The SPD should be in a plain language that employees can understand. It must include the plan name and its IRS-assigned number, the employer’s name and address, the plan administrator’s name and contact information, a statement of Health Insurance Portability and Accountability Act rights, ERISA disclosures and guidance on how employees can file a grievance or an appeal.

Breaking Down Summary Plan Description

When you first get hired, you should receive an SPD covering your new employer’s health care and retirement benefits within 90 days. The company may distribute the document to you electronically if you regularly use a computer at work or as a hard copy. If you only receive an electronic copy, you may request a written copy.
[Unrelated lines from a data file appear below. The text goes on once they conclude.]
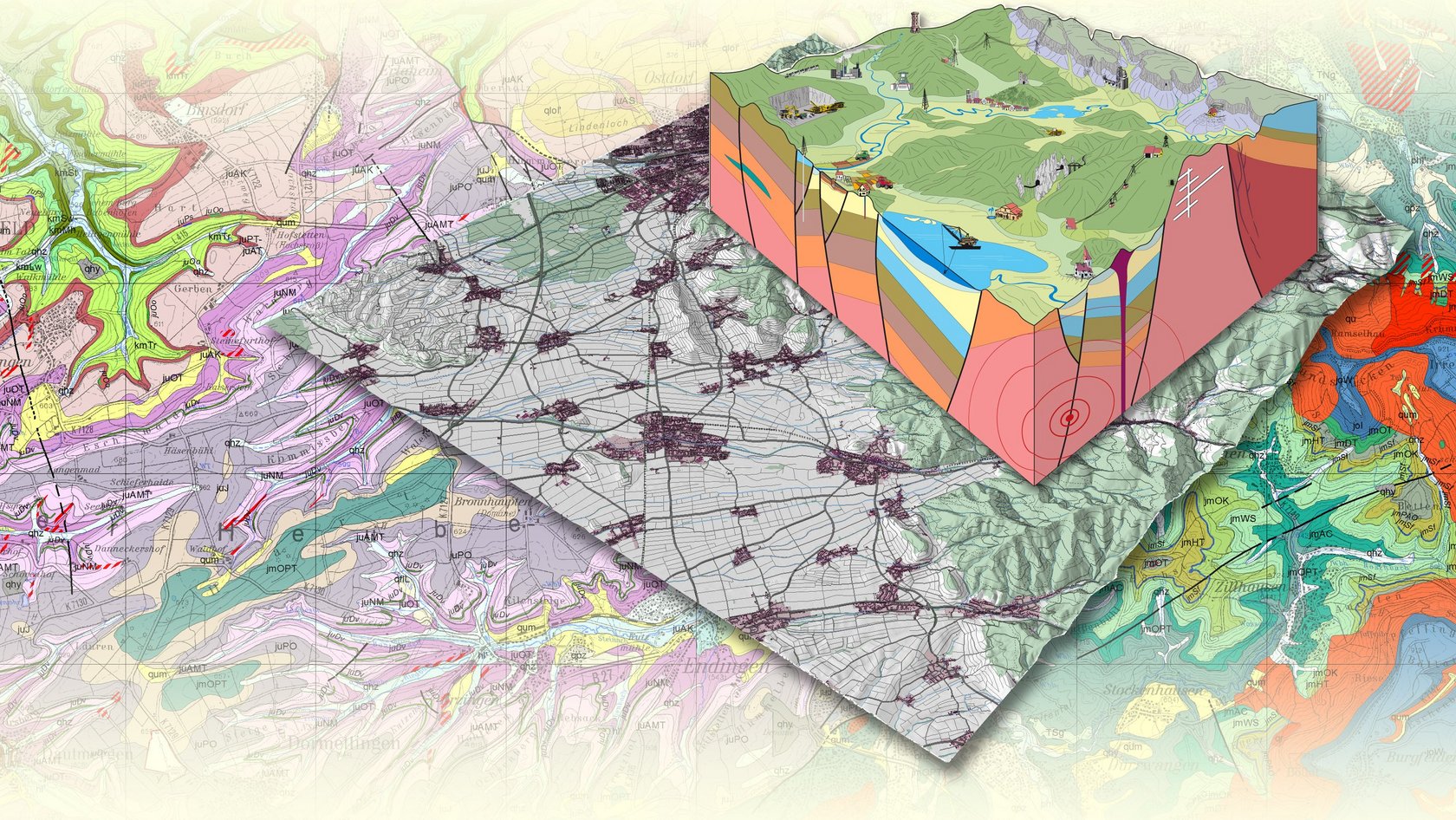 Das Bild zeigt ein Blockmodell des geowissenschaftlichen Landesservicezentrums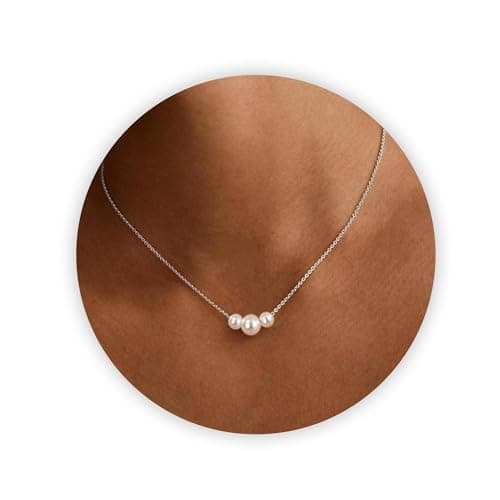 Image of Trinckle Silver Pearl Necklace, Dainty Strands Pearl Pendant Necklace for Women, Silver Prom Jewelry Pearls Charm Necklace, Cute Necklaces for Teen Girls White Choker Necklace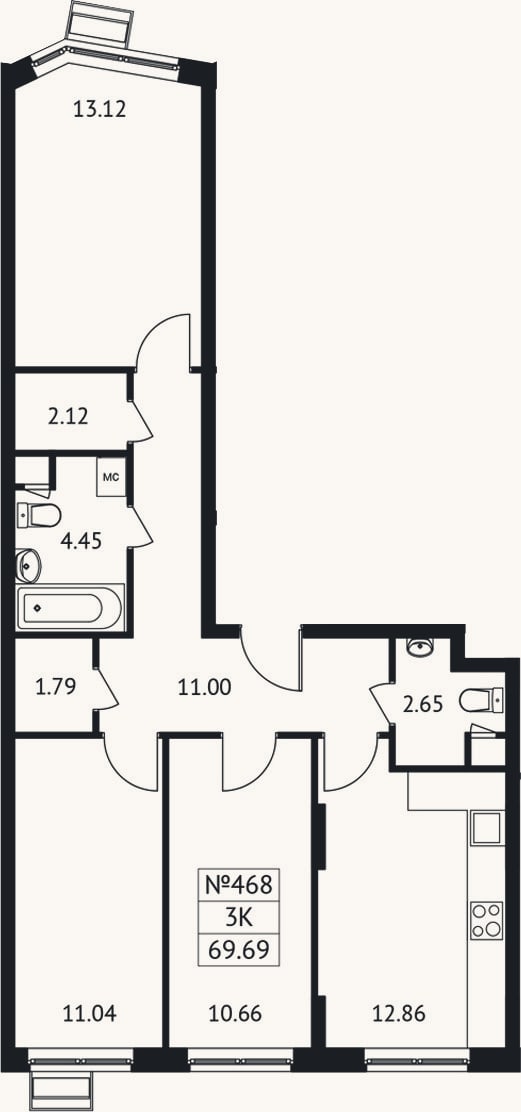 Планировка: 3-к, 69,7 м²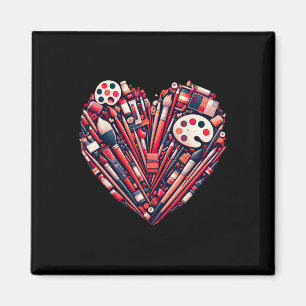 Kunstlehrer Valentinsherz Valentinstag Magnet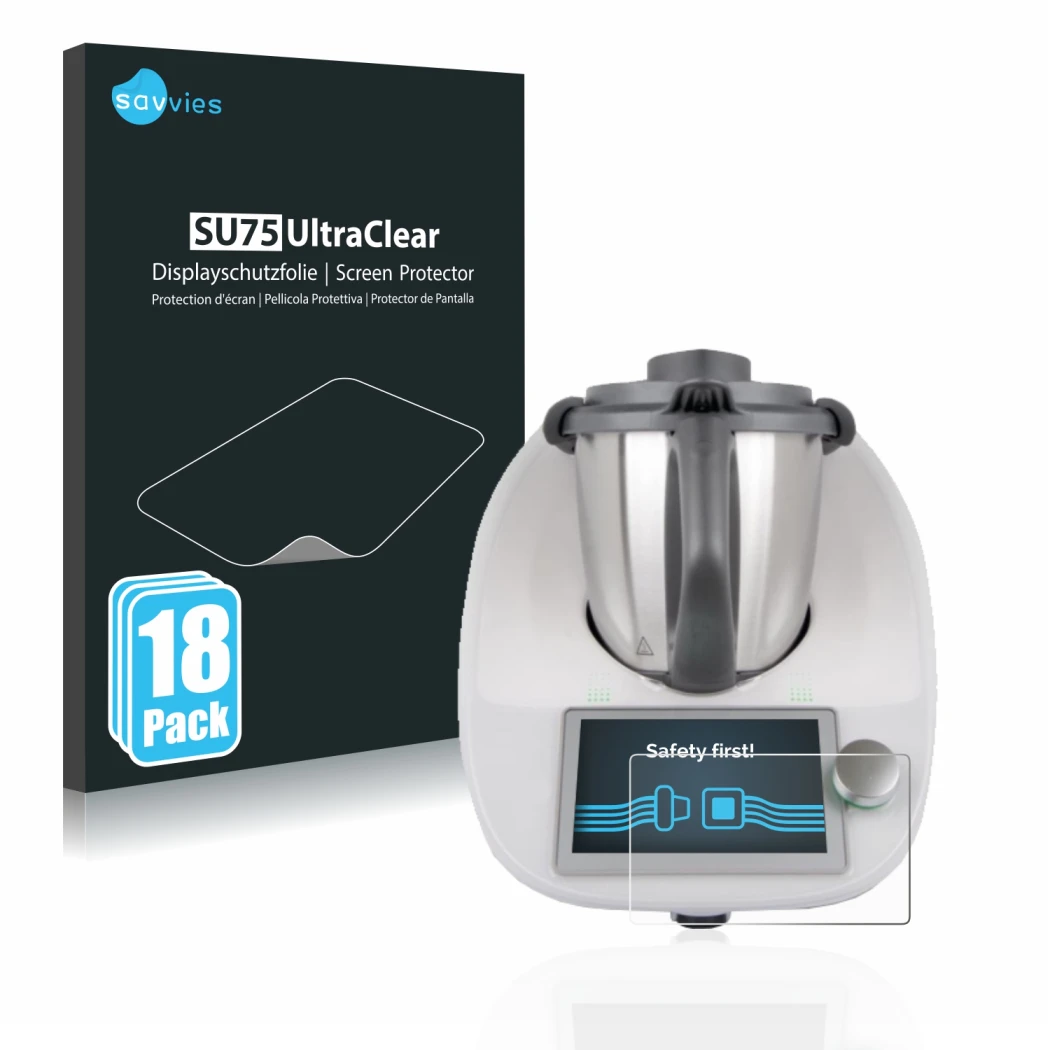 Vorderseite einer Produktverpackung mit dem Markenlogo Savvies. Daneben ist das Gerät Vorwerk Bimby TM6 mit dem zugehörigen Di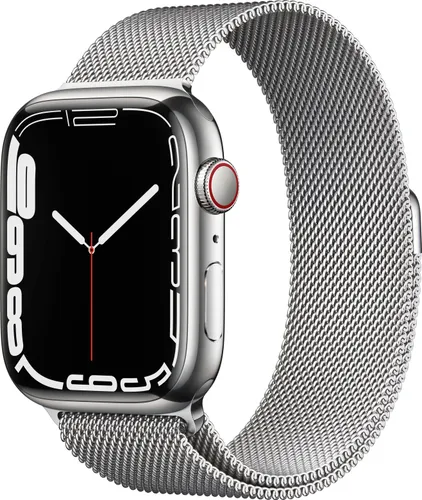 Smartwatch APPLE "Watch Series 7 GPS + Cellular, 45mm" Smartwatches beige (silver, starlight) Fitness-Tracker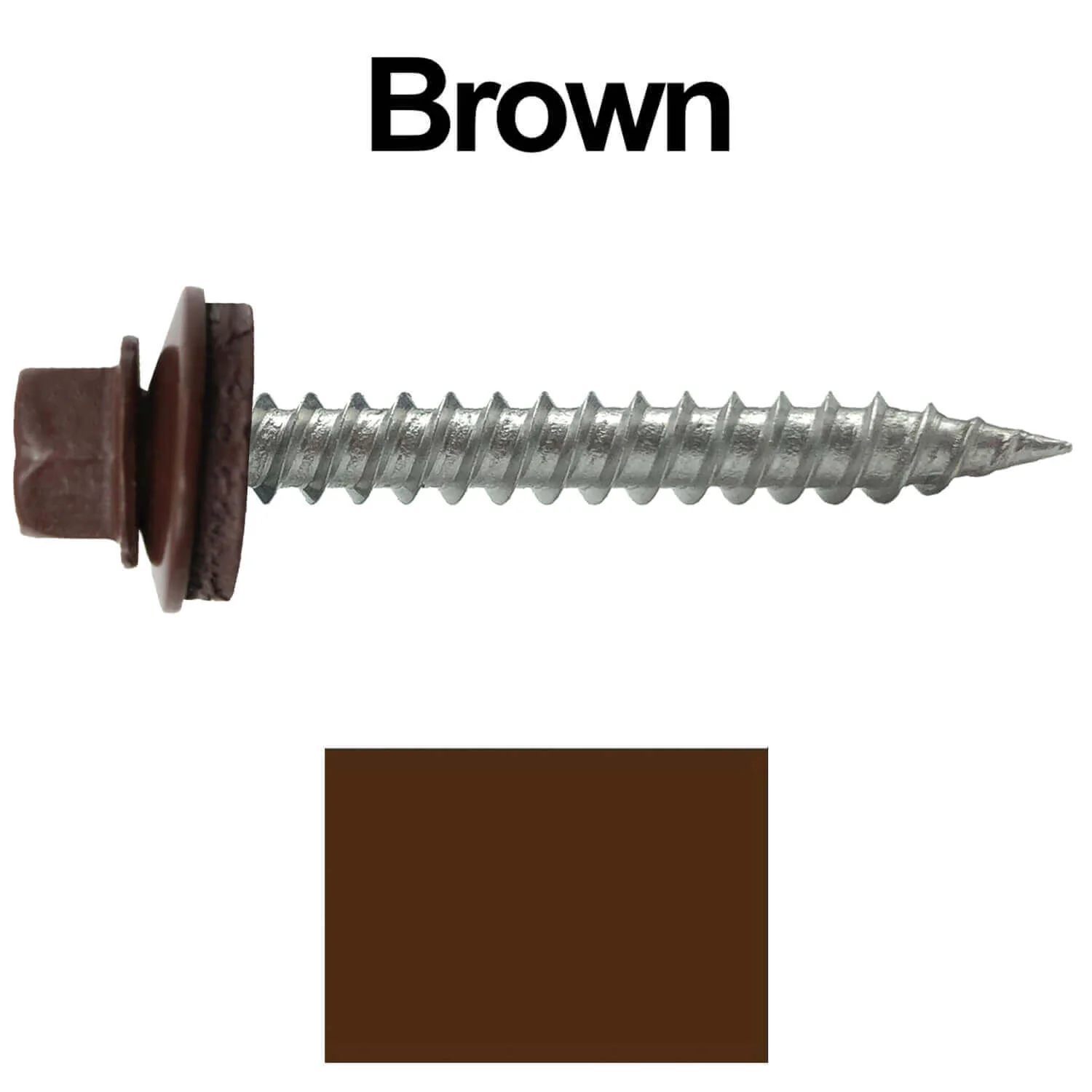 #9 x 1-1/2" Stainless Steel Metal Roofing Screws - Hex Washer Head - Self-Piercing (SP) tip metal to wood siding screws. EPDM washer. Colored head. - Image 10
A Summary Plan Description Should Answer Your Questions

Read the plan carefully to learn details such as these:

  • Is there a minimum age requirement to participate in the plan?
  • Is there a minimum service requirement to participate in the plan, and if so, what is it and how is it calculated?
  • When does the plan year begin and end? Does it run from Jan.1 to Dec. 31, or does it have different start and end dates? This information is important for health plans because you want to know when your annual deductible resets.
  • Do I make contributions to the plan or do all contributions come from my employer?
  • For retirement plans, does the plan allow rollover contributions from other plans? For example, can I roll my 401(k) from my former employer over into this plan?
  • For retirement plans, how are employer and employee contributions invested? Are there default investments that the money will go to if I don’t select specific investment options, and if so, what are they? How do I change my investment selection?
  • When do I become vested in the retirement plan? Am I immediately 100 percent vested, or do I have to work for the company for a certain number of years to become partially or fully vested?
  • Am I allowed to borrow from my retirement account, and if so, what are the rules?
  • What happens to my benefits if I become disabled? If I leave the company? If I retire? If I die? If I take a leave of absence?
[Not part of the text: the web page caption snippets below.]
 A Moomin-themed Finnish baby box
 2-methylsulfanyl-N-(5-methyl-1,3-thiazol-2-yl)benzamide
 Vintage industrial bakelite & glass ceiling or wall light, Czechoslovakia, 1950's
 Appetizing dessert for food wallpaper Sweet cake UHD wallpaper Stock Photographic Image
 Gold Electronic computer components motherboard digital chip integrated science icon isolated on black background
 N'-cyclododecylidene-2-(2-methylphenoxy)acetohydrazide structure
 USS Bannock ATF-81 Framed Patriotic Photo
A Summary Plan Description Offers Employers Protection Against Lawsuits

On the business side, employers should be careful to make sure they have an SPD that it covers everything it should. With no SPD or an inadequate SPD, employers expose themselves to lawsuits from employees. Having an SPD that follows ERISA guidelines makes exclusions, and limitations crystal clear helps to protect the company against such lawsuits.

It’s also essential to define what makes an individual an employee who is entitled to various benefits and whether the benefits independent contractors, temporary workers, spouses, domestic partners, and children. Further, if 10 percent or more of your employees speak a language other than English, you must publish your SPD in those other languages too. Hiring an attorney who understands ERISA law to review the SPD before you distribute it can help ensure the document is complete, thorough, accurate, and complies with state and federal law. It can take months to create an SPD from start to finish. Making sure your employees can understand it easily will reduce complaints, lawsuits, and questions to human resources from confused employees.
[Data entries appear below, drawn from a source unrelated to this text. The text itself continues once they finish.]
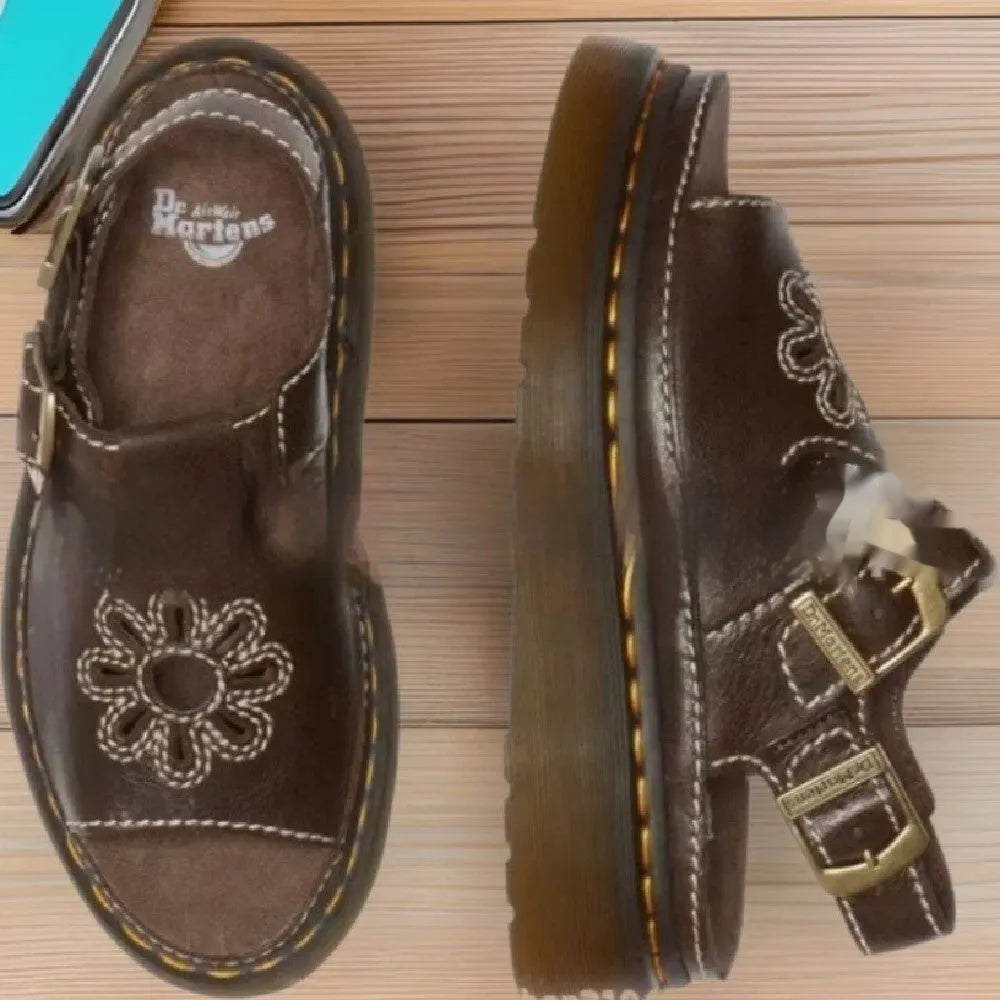 Men's black embroidered beach sandals with floral pattern and flat heel design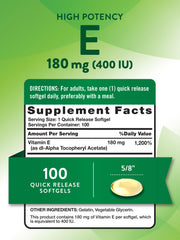 Close-up of Nature's Truth Vitamin E softgels highlighting smooth, easy-to-swallow capsules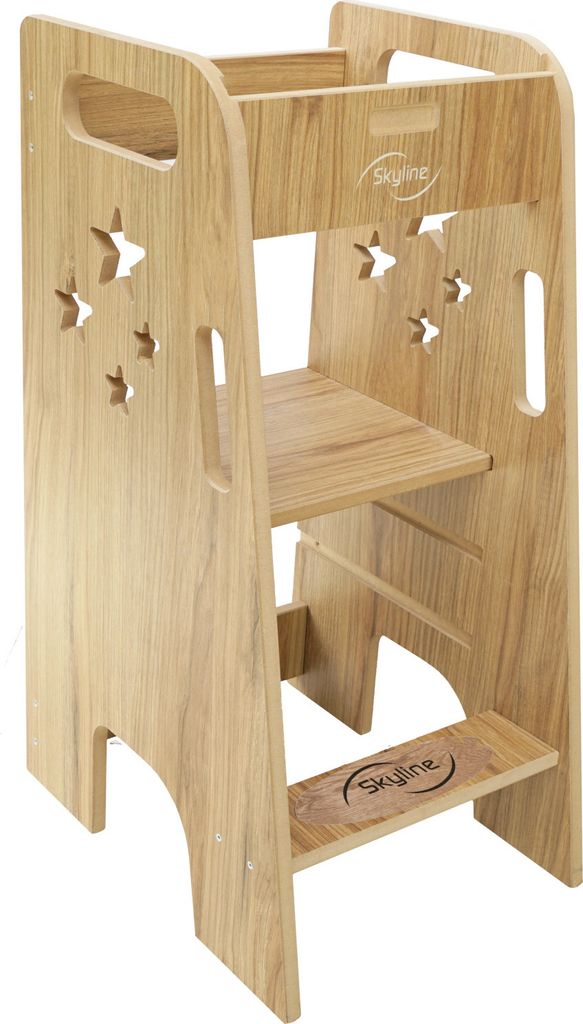 Skyline Steh und Lernturm Baby ab 1 Jahr Montessori Learning Tower Höhenverstellbar Tritthocker Kinder Indoor Möbel Kinderzimmer Trittschemel Kit...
Employers may change the benefits they offer from time to time. When this happens, they must notify all employees in writing by giving them a revised SPD or a summary of material modifications that explains the changes to the SPD. The company must distribute the notification within 60 days of the change becoming effective if it reduces coverage or benefits and within 210 days after the end of the plan year when the change became effective if it does not reduce coverage or benefits.